Problem requirements: The expected answer is the data below, printed verbatim without its pictures.

Data section:
↓
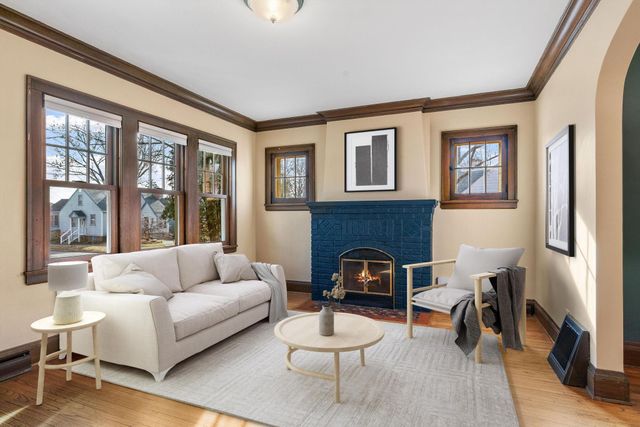 2300 Mckinley Street NE, Minneapolis, MN 55418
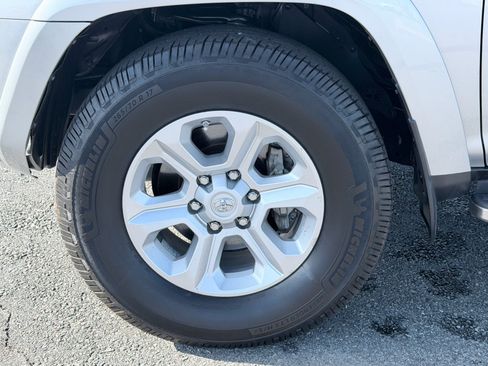 Used 2018 Toyota 4Runner SR5 Premium RWD image 37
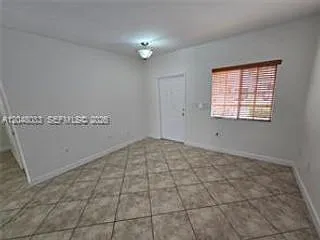 3 bed, 2.5 bath, 1608 sqft, $3,300 — Photo 4
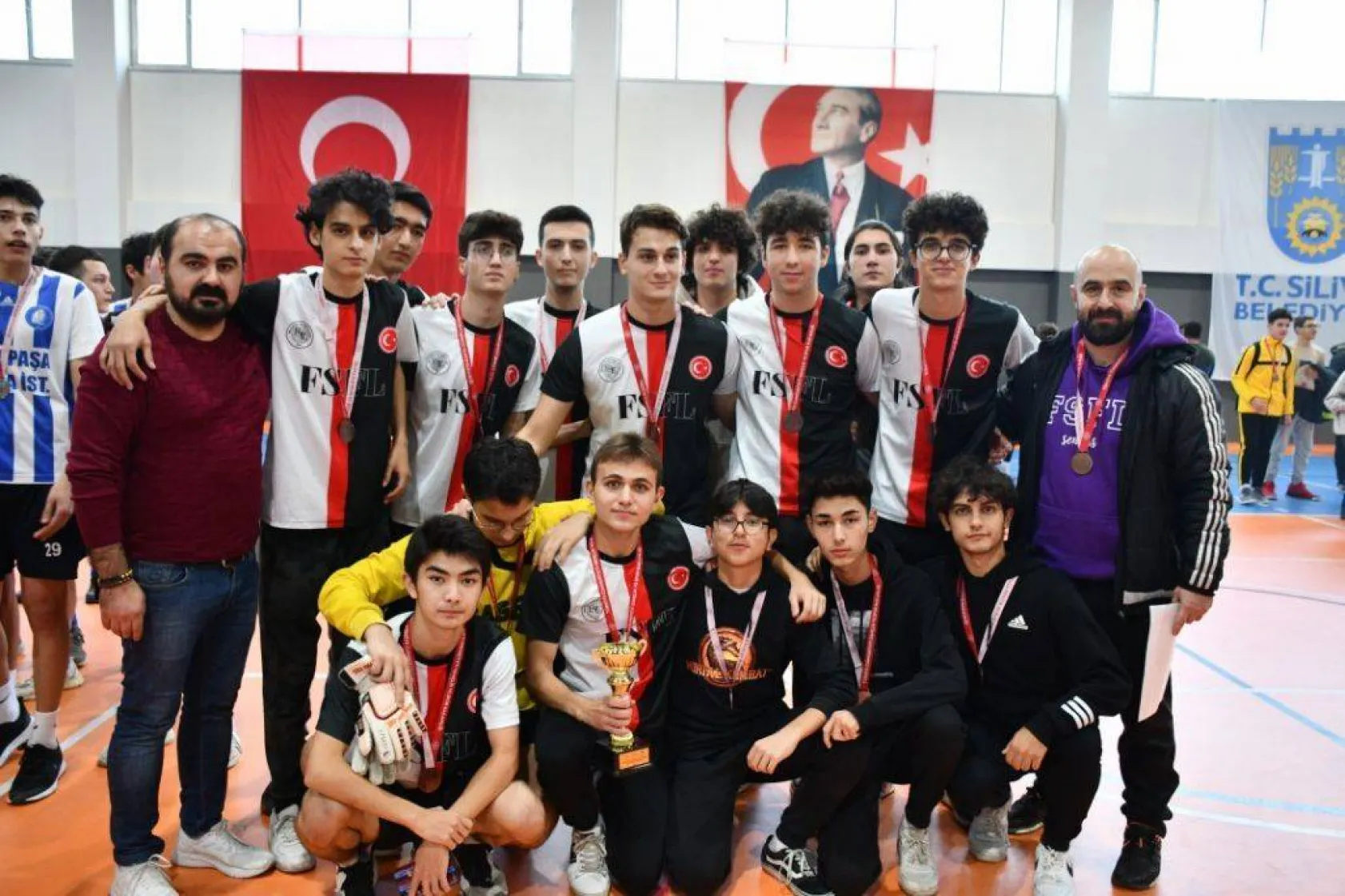 TÜRAM lisesi okullar arası Futsal turnuvasında birinci oldu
↑
Task result:
 2300 Mckinley Street NE, Minneapolis, MN 55418
 Used 2018 Toyota 4Runner SR5 Premium RWD image 37
 3 bed, 2.5 bath, 1608 sqft, $3,300 — Photo 4
 TÜRAM lisesi okullar arası Futsal turnuvasında birinci oldu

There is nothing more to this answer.